Em Blumenau, um grupo de brasileiros se reuniu para assistir ao jogo entre Alemanha e Gana e torcer pela seleção alemã. Vestidos com roupas e acessórios típicos usados na Oktoberfest, os torcedores acompanharam a partida tomando um bom chope e em clima de comemoração. Segundo um dos organizadores, dá para conciliar a torcida pela seleção alemã e brasileira. “A gente torce pelo Brasil sim. A torcida é grande”, mas admitiu que a situação irá se complicar caso as duas equipes se enfrentem na final do Mundial. “Eu prefiro que vá um, ou outro. Se forem os dois, não sei. Não vamos saber para quem torcer, mas vamos ficar felizes por quem ganhar”.
Esse registro está no último Boletim Brasil-Alemanha, cujo foco são acontecimentos relacionados aos dois países.
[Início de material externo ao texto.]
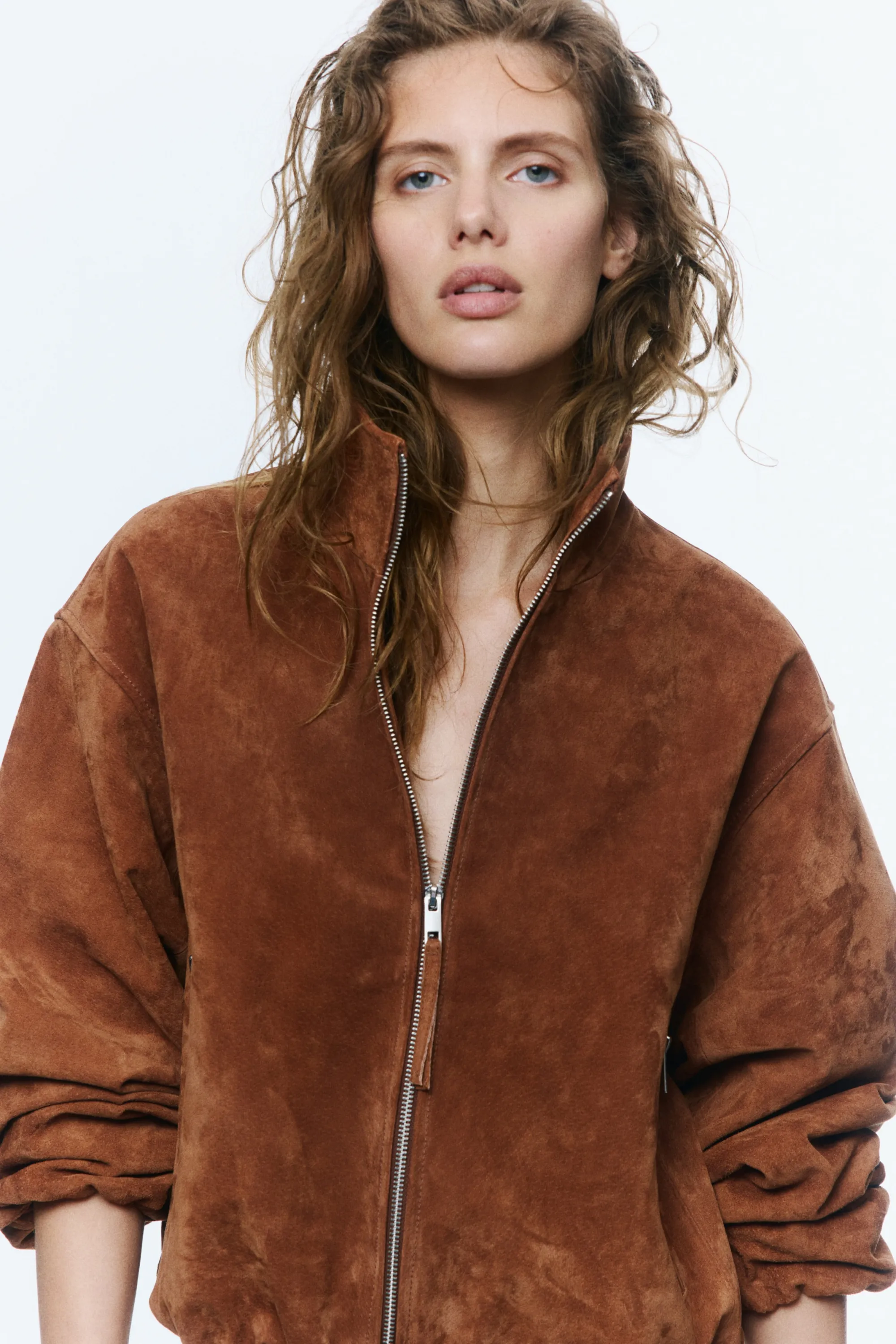 Veste oversize en cuir velours fendu - Marron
Aproveito-o apenas como ponto de partida para uma breve reflexão sobre a identidade dos descendentes de povos europeus (alemães, italianos, portugueses e outros) no Sul do Brasil.
Não conheço pesquisas de opinião que investiguem por quem torce a maioria dos descendentes de imigrantes, mas na nossa e em outras regiões coloniais sulinas se colhe no dia a dia a impressão de que a grande maioria torce pela seleção brasileira e que muitos têm simpatia especial pela seleção do país de seus antepassados. Diferente do caso do grupo de torcedores de Blumenau, parecem ser poucas as pessoas que ficam em dúvida sobre quem torcer no caso de uma final entre a nossa seleção e “a outra”. A imensa maioria torce pelo Brasil.
Em décadas anteriores esse quadro era outro. A formação do sentimento de brasilidade entre os descendentes de alemães sofreu uma série de obstáculos ao longo da história: o abandono dos colonos no início do processo de Colonização, o tratamento político desigual dado aos luteranos em relação aos católicos e, sobretudo, a perseguição aos descendentes de alemães durante a Campanha de Nacionalização, promovida pelo Estado Novo no contexto da 2ª Guerra, entre outros. Face ao tratamento desrespeitoso das autoridades brasileiras, muitos dos imigrantes e seus descendentes tinham fortes motivos para continuarem espiritualmente ligados à pátria dos ancestrais.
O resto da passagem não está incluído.